Extracted information Start Marker
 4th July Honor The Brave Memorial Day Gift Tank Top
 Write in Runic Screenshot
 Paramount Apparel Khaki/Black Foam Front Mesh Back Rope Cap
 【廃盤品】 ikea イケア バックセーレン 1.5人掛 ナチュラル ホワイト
Extracted information End Marker
Extracted information Start Marker
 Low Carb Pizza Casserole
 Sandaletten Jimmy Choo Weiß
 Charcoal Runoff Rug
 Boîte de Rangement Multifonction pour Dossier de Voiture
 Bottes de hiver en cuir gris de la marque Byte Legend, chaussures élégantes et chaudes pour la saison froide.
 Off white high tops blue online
Extracted information End Marker
(What this task involves):
In the records above, find the line with "Low Carb Pizza Casserole"; write out exactly that line and each one after it, stopping after the line with "Off white high tops blue online".

(Exercise response):
 Low Carb Pizza Casserole
 Sandaletten Jimmy Choo Weiß
 Charcoal Runoff Rug
 Boîte de Rangement Multifonction pour Dossier de Voiture
 Bottes de hiver en cuir gris de la marque Byte Legend, chaussures élégantes et chaudes pour la saison froide.
 Off white high tops blue online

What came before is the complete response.